- [Action item]: In your reply, reproduce the lines from the first one below to the line containing "Caraks Toyota Rav", inclusive, exactly as they stand.

(Data records)
Start of Block

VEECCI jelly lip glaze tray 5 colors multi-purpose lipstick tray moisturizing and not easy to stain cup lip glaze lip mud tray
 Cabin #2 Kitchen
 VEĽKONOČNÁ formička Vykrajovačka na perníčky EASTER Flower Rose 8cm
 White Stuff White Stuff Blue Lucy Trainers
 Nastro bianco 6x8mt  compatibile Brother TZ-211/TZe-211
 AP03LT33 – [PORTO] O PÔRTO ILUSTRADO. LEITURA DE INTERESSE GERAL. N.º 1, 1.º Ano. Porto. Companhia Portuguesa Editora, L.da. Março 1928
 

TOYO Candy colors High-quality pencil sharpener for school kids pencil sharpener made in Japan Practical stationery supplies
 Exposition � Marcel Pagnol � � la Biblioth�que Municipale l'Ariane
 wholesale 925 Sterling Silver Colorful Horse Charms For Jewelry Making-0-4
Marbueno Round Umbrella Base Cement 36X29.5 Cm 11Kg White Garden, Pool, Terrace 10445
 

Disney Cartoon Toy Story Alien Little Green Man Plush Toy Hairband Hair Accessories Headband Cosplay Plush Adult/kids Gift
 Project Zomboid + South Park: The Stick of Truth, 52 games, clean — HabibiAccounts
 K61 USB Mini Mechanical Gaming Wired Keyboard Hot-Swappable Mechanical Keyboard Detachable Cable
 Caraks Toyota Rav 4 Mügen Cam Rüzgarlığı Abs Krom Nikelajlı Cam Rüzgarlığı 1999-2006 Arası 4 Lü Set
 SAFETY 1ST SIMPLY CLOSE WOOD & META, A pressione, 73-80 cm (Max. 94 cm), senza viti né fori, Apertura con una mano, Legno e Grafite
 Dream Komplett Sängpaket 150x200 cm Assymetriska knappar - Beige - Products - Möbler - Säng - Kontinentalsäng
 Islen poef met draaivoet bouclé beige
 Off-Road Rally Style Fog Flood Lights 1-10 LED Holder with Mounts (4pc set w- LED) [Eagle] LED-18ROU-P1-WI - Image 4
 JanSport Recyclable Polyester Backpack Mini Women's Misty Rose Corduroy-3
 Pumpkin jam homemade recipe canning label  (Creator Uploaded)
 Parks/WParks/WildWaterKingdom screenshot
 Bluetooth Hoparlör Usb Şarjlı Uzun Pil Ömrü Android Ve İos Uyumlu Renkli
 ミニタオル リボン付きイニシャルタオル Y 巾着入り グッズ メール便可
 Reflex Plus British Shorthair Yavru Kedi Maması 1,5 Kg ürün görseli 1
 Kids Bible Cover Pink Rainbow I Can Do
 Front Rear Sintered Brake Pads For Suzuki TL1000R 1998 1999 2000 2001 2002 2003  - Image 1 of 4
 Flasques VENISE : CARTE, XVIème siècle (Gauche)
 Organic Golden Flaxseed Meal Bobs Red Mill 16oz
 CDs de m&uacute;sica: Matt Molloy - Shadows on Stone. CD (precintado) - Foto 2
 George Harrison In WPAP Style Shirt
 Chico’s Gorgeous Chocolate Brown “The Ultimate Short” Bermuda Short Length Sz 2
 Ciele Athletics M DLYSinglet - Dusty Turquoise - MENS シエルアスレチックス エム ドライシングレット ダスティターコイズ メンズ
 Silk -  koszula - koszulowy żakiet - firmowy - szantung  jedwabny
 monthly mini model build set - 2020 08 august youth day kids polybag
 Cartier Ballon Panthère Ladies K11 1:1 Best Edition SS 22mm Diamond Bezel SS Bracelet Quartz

End of Block

- [Answer section]:
VEECCI jelly lip glaze tray 5 colors multi-purpose lipstick tray moisturizing and not easy to stain cup lip glaze lip mud tray
 Cabin #2 Kitchen
 VEĽKONOČNÁ formička Vykrajovačka na perníčky EASTER Flower Rose 8cm
 White Stuff White Stuff Blue Lucy Trainers
 Nastro bianco 6x8mt  compatibile Brother TZ-211/TZe-211
 AP03LT33 – [PORTO] O PÔRTO ILUSTRADO. LEITURA DE INTERESSE GERAL. N.º 1, 1.º Ano. Porto. Companhia Portuguesa Editora, L.da. Março 1928
 

TOYO Candy colors High-quality pencil sharpener for school kids pencil sharpener made in Japan Practical stationery supplies
 Exposition � Marcel Pagnol � � la Biblioth�que Municipale l'Ariane
 wholesale 925 Sterling Silver Colorful Horse Charms For Jewelry Making-0-4
Marbueno Round Umbrella Base Cement 36X29.5 Cm 11Kg White Garden, Pool, Terrace 10445
 

Disney Cartoon Toy Story Alien Little Green Man Plush Toy Hairband Hair Accessories Headband Cosplay Plush Adult/kids Gift
 Project Zomboid + South Park: The Stick of Truth, 52 games, clean — HabibiAccounts
 K61 USB Mini Mechanical Gaming Wired Keyboard Hot-Swappable Mechanical Keyboard Detachable Cable
 Caraks Toyota Rav 4 Mügen Cam Rüzgarlığı Abs Krom Nikelajlı Cam Rüzgarlığı 1999-2006 Arası 4 Lü Set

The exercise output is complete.